Prior to the onset of the pandemic, Canadian organizations and their global partners routinely navigated complex data-related challenges. As they began to design responses to COVID-19, organizations have drawn on past experiences with diverse global health crises.

December 31, 2019

Wuhan Municipal Health Commission reports cluster of pneumonia cases in Wuhan, Hubei Province. Novel coronavirus eventually identified.

Pre-COVID-19

Persistent data-related challenges in global health sector:
  1. Inconsistent or limited quality health information systems at all levels (country, region, local).
  2. Limited organizational capacity to understand and interpret data.
  3. Persistent data gaps concerning vulnerable groups (particularly gender data gaps).
  4. Government resistance to publishing data.
  5. Limited interest and funding for data, evaluation and implementation research.

January 10, 2020

WHO issues comprehensive technical guidance online with advice to countries on how to detect, test and manage potential cases based on available knowledge.

Lessons Learned

  1. Past responses we are learning from: Ebola, Zika, HIV.
    • “We need to amplify the hard-fought lessons learned.”
  2. What needs to be avoided:
    • Diverting resources (staff, equipment).
    • Rise of misinformation: reductive messaging and misleading information to justify (in)action.
    • Radicalization, clampdowns on civil society space and scapegoating/discrimination that “drives vulnerable communities underground” and away from health services.
  3. What should be repeated:
    • Prioritizing “meaningful and inclusive engagement for those at greatest risk”.
    • Don’t stop collecting data, even though there may be weaknesses or challenges with collection. Reduce the burden instead.
    • Invest in strengthening the basic scientific capacity and data literacy of stakeholders and communities.

January 30, 2020

WHO Director-General declares novel coronavirus outbreak
(2019-nCoV) a Public Health Emergency of International Concern.

February 11, 2020

Government of Canada provides $2 million to WHO to help vulnerable countries prepare and respond to COVID-19.

RESPONDING
TO COVID-19

During the first 100 days of the pandemic, there has been significant diversity in how Canadian organizations are affected by, and have responded to, the COVID-19 pandemic. Reactions were influenced by factors such as primary sources of funding, status of major project life-cycles, size of organization and human resources and the primary country of operations. Many of the data challenges faced pre-COVID-19 have been either exacerbated or have remained consistent, while others have changed radically. In some cases, data issues are no longer as relevant as they once were.

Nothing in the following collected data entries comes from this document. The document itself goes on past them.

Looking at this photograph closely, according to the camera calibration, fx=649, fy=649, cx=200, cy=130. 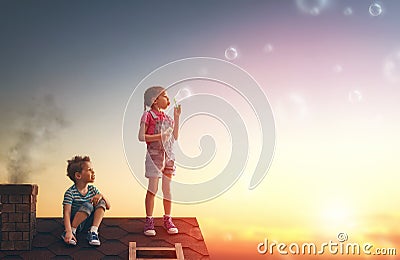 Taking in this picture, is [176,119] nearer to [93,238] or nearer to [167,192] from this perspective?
[167,192]

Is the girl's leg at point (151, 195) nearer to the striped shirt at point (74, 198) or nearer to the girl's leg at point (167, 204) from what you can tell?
the girl's leg at point (167, 204)

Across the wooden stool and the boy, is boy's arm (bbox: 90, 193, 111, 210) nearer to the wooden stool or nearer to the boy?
the boy

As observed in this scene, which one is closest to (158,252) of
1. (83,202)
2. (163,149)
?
(83,202)

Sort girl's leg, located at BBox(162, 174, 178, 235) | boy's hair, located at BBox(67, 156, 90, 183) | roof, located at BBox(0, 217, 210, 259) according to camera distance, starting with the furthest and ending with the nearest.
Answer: girl's leg, located at BBox(162, 174, 178, 235), boy's hair, located at BBox(67, 156, 90, 183), roof, located at BBox(0, 217, 210, 259)

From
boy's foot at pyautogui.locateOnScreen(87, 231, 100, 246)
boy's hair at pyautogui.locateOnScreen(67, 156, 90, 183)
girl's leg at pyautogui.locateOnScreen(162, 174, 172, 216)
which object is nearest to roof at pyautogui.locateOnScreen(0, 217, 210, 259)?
boy's foot at pyautogui.locateOnScreen(87, 231, 100, 246)

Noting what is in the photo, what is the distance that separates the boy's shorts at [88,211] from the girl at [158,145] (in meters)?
0.29

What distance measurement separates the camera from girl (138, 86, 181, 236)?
12.7 feet

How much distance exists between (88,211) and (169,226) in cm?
51

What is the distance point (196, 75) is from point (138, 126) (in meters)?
0.62

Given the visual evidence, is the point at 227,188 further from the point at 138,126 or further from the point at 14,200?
the point at 14,200

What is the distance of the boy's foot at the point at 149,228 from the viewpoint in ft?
12.6

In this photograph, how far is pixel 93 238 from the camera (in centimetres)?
365

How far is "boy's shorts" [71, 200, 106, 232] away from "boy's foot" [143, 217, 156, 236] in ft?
0.93

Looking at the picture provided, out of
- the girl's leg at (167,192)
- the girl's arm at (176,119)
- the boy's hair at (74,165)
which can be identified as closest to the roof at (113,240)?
the girl's leg at (167,192) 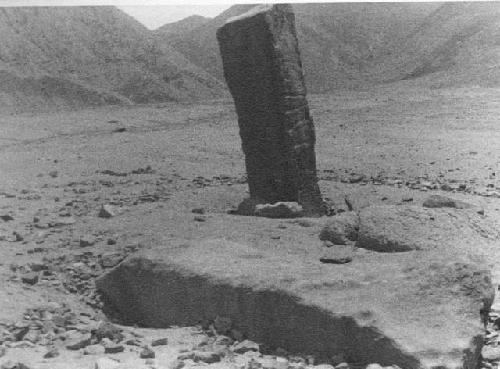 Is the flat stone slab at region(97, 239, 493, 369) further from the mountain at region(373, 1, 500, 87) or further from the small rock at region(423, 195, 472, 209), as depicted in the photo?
the mountain at region(373, 1, 500, 87)

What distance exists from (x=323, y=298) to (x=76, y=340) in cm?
139

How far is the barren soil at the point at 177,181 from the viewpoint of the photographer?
4.40 m

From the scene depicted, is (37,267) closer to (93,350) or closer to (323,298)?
(93,350)

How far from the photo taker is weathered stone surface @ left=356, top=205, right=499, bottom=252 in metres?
4.18

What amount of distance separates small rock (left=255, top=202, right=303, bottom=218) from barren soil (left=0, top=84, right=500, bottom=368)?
1.13ft

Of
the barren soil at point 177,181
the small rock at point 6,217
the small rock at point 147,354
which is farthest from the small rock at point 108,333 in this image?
the small rock at point 6,217

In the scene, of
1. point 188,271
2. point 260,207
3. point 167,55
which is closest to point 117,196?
point 260,207

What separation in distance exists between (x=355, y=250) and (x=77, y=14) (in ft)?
72.3

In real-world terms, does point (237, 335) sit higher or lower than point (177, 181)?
lower

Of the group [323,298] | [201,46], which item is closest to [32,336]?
[323,298]

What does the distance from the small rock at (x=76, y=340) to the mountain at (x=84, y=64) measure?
59.2 ft

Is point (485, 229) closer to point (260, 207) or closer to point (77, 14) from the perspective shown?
point (260, 207)

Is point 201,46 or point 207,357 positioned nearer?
point 207,357

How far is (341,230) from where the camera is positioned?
4383 millimetres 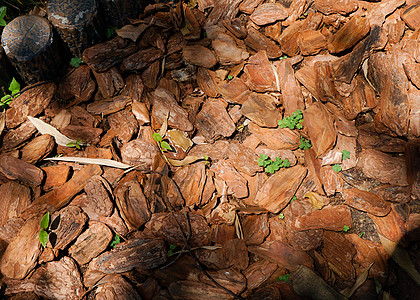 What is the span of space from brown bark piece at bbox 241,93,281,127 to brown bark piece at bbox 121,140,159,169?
667 mm

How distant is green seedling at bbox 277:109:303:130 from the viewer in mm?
2107

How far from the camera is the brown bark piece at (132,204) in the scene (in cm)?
185

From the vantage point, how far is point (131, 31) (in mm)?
2281

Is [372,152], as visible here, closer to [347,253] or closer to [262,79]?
[347,253]

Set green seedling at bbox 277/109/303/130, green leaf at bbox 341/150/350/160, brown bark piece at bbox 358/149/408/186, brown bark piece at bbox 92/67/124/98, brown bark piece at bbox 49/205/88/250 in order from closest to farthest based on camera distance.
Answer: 1. brown bark piece at bbox 49/205/88/250
2. brown bark piece at bbox 358/149/408/186
3. green leaf at bbox 341/150/350/160
4. green seedling at bbox 277/109/303/130
5. brown bark piece at bbox 92/67/124/98

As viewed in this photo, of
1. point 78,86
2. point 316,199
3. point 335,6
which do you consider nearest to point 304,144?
point 316,199

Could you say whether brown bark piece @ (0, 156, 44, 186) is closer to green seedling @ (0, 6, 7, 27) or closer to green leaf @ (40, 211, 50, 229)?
green leaf @ (40, 211, 50, 229)

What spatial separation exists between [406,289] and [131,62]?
2162 millimetres

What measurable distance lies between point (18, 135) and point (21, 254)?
782mm

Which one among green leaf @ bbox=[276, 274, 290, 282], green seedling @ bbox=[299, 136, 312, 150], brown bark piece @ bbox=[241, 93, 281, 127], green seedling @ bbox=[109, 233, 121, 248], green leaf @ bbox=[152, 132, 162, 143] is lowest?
green leaf @ bbox=[276, 274, 290, 282]

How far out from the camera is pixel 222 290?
1.70m

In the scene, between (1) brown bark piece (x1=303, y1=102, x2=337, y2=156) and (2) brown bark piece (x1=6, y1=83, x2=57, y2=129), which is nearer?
(1) brown bark piece (x1=303, y1=102, x2=337, y2=156)

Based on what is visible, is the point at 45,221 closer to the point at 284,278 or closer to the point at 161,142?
the point at 161,142

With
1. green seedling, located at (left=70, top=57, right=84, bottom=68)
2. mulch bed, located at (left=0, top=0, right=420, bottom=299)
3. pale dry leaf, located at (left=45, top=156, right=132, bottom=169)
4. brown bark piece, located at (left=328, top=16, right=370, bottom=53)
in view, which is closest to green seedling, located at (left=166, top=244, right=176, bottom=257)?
mulch bed, located at (left=0, top=0, right=420, bottom=299) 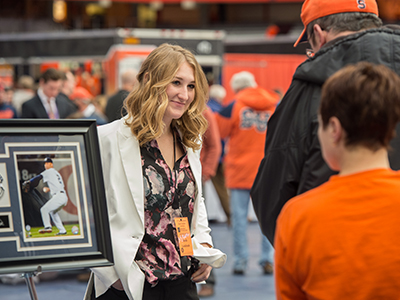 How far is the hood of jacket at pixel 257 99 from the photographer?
215 inches

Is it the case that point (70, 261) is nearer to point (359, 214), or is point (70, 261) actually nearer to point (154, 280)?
point (154, 280)

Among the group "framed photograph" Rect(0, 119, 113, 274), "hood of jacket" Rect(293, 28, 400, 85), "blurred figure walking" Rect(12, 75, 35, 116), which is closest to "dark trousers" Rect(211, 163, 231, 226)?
"blurred figure walking" Rect(12, 75, 35, 116)

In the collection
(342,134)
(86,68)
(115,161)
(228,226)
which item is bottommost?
(228,226)

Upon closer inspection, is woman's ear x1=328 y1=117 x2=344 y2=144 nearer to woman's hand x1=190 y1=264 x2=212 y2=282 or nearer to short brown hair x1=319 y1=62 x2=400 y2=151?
short brown hair x1=319 y1=62 x2=400 y2=151

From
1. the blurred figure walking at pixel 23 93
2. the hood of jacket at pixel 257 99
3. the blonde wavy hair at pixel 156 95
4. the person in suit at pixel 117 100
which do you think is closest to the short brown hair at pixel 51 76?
the person in suit at pixel 117 100

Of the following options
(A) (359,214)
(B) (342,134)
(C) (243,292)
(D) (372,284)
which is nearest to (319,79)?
(B) (342,134)

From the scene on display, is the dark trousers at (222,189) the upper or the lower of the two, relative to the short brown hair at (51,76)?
lower

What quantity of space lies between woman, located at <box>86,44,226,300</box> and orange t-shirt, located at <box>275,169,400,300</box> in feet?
2.86

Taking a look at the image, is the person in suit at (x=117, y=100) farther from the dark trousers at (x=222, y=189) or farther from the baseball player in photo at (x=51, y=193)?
the dark trousers at (x=222, y=189)

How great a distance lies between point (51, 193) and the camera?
189cm

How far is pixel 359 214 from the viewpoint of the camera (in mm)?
1203

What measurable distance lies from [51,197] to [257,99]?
3.82m

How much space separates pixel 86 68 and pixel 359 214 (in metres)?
12.5

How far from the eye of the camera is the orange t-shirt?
47.2 inches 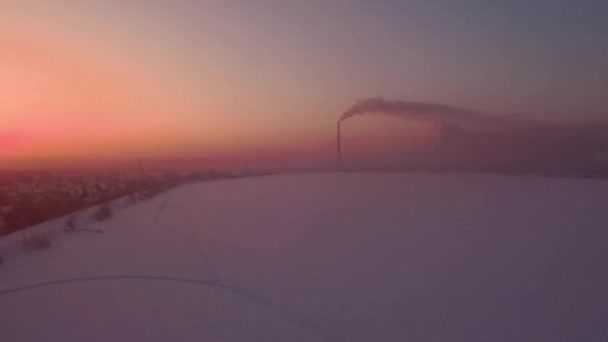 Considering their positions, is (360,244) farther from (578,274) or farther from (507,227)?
(578,274)

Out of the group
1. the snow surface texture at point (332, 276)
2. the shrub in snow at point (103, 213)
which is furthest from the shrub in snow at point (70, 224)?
the shrub in snow at point (103, 213)

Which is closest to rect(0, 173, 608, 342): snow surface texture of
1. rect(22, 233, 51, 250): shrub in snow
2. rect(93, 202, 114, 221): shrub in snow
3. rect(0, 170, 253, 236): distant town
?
rect(22, 233, 51, 250): shrub in snow

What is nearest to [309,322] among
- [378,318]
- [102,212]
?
[378,318]

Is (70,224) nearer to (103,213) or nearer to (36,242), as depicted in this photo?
(103,213)

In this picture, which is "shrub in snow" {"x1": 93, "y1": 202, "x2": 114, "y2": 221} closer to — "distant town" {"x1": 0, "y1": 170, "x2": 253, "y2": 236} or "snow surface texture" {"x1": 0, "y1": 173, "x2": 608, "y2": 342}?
"snow surface texture" {"x1": 0, "y1": 173, "x2": 608, "y2": 342}

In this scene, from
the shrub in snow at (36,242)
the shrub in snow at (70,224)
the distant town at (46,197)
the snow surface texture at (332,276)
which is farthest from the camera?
the distant town at (46,197)

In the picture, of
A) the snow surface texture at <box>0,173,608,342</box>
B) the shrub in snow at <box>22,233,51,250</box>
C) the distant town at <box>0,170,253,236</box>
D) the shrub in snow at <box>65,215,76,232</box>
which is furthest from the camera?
the distant town at <box>0,170,253,236</box>

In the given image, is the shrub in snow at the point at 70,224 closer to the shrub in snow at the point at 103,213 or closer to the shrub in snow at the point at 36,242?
the shrub in snow at the point at 103,213

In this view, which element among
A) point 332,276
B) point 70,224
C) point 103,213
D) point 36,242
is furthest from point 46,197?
point 332,276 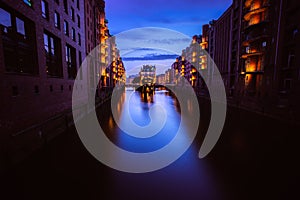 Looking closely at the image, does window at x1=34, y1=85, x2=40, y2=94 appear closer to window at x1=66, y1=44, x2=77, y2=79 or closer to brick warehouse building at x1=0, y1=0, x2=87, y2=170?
brick warehouse building at x1=0, y1=0, x2=87, y2=170

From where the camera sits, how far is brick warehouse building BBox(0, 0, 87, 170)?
27.5ft

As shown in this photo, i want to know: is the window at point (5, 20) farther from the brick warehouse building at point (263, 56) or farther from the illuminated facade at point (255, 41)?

The following section highlights the most common responses and observations on how staff and organizations have been affected.

March 11, 2020

WHO officially characterizes COVID-19 as a pandemic Government of Canada provides $50 million to support the efforts of international assistance partners to prevent and respond to COVID-19.

New Context

  1. Domino effect: Similar to other disasters, COVID-19 brings rising poverty and sexual and gender-based violence (SGBV) rates, food insecurity, increased transmission of other infectious diseases (such as measles), public health security challenges and governance issues in-country.
  2. No travel: COVID-19’s impact on the ability to move freely, travel and gather together raises questions about data validity, access to information and the ‘downloading’ of risk onto local partners and consultants. Several organizations have implemented travel moratoriums until December 2020, or June 2021.
  3. Differing views of risk/response: Countries and global partners hold diverse understandings of risk and best practice. Coordinating consistent responses and communicating priorities is a significant challenge.
  4. “Health systems are failing”: It is hard to plan a response when the entire infrastructure is weak. Organizations are facing supply chain and hoarding issues, alongside unreliable or unavailable health information systems.
  5. “We still haven’t figured out the gender issue”: Country/regional response plans and international templates have been criticized for being gender-blind. At the same time, organizations are not always adequately trained to use available gender data.
  6. Renewed interest in flexible, evidence-based approaches: Organizations are closely monitoring changes in research and program priorities that could impact existing work.
  7. Increased domestic engagement: Some Canadian organizations found themselves increasing their overall portfolio of work in Canada in response to COVID-19, or re-orienting their domestic work to have a COVID-19 focus.
  8. Changing relationships with funders: Overall, organizations appear to have had positive encounters with current donors and funders, many demonstrating “unprecedented flexibility”. Those currently receiving funding from the Government of Canada specifically and consistently acknowledged its transparency and accessibility, citing the following examples as helpful practice:
    • Regular virtual consultations with Minister and senior staff on a variety of platforms and topics.
    • Accessibility of desk officers and staff to answer questions directly as well as through consultation.
    • Recognition of internal delays alongside clear guidance that organizations should use their best judgment in the absence of directives.
    • Posting FAQs online.
    • Flexibility concerning activities, budget, salaries and operational concerns.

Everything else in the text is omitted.